Judy never heard of the offer Mr. Will Walling had made to adopt her as his daughter for the sake of giving her a good antenuptial position, nor did she ever guess that there would be any awkwardness in the record of her marriage in the Hay, of Haymore, item of “The Landed Gentry of Great Britain and Ireland.” She was not troubled on that subject.

All the affairs of the Hays were so satisfactorily settled now that the young couple were only waiting for the departure of Will Walling to leave Haymore for London, where they might live in retirement in that great city until they should have fitted themselves to mingle with the more critical of their Yorkshire neighbors.

Early in the new year pleasant letters came from America. They were from Cleve and Palma Stuart, and brought news of the change of fortune that would take them to the mountain farm of West Virginia.

Ran and Judy were pleased, yet puzzled.

“I should have thought, if they left New York, they would have gone to that fine plantation in Mississippi,” said Judy.

“So should I, and not to what must be a poor farm on the mountain,” added Ran.

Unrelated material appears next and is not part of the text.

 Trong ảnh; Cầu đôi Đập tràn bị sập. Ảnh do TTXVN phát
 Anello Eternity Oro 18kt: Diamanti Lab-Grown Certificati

And then turning to Walling, he added:

“You see you will have to take the documents, putting Palma in possession of the property I have made over to her, all the way to West Virginia.”

“I will do that with pleasure. I have never yet seen the Alleghany Mountains,” replied Will Walling, who was always ready to travel over any new ground.

It was nearly the first of February that Will Walling at length reluctantly made up his mind to take leave of his friends at Haymore.